Created 04-13-2018 12:42 PM
Hi everybody, i want to do DFSIO test on my hadoop cluster. I wanna know which parameter, show the number of parallel task on a data node? i mean what is the name of the parameter and where is it? i want to change it , and analyze the results. thank u very much.
i have read an article, in this link;
https://pdfs.semanticscholar.org/e874/ed1a4b120bb4caf5c2ecb440f49df7819d54.pdf
In this article, they use these parameters for DFSIO test:
Created 04-13-2018 10:56 PM
Like other MR jobs, you can specify the number of map tasks for the job via JobConf.setNumMapTasks(). However, this is only a hint and the actual number of spawned map tasks depends on the number of input splits. If you have set NumMapTasks=100 with 50 nodes, then the number of tasks in parallel per node is about 100/50 = 2 assuming the splits are evenly distributed across the nodes.

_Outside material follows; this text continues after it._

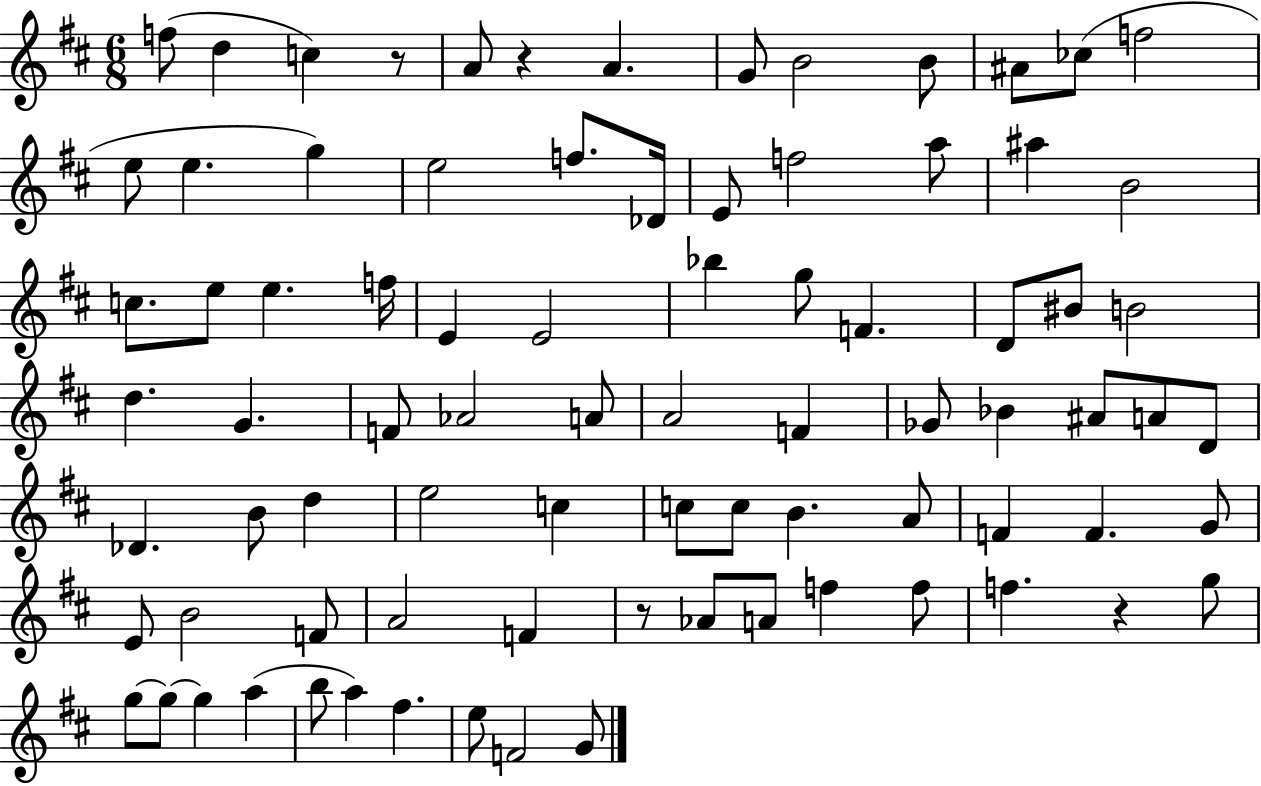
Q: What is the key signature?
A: D major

Created 04-13-2018 10:56 PM
Like other MR jobs, you can specify the number of map tasks for the job via JobConf.setNumMapTasks(). However, this is only a hint and the actual number of spawned map tasks depends on the number of input splits. If you have set NumMapTasks=100 with 50 nodes, then the number of tasks in parallel per node is about 100/50 = 2 assuming the splits are evenly distributed across the nodes.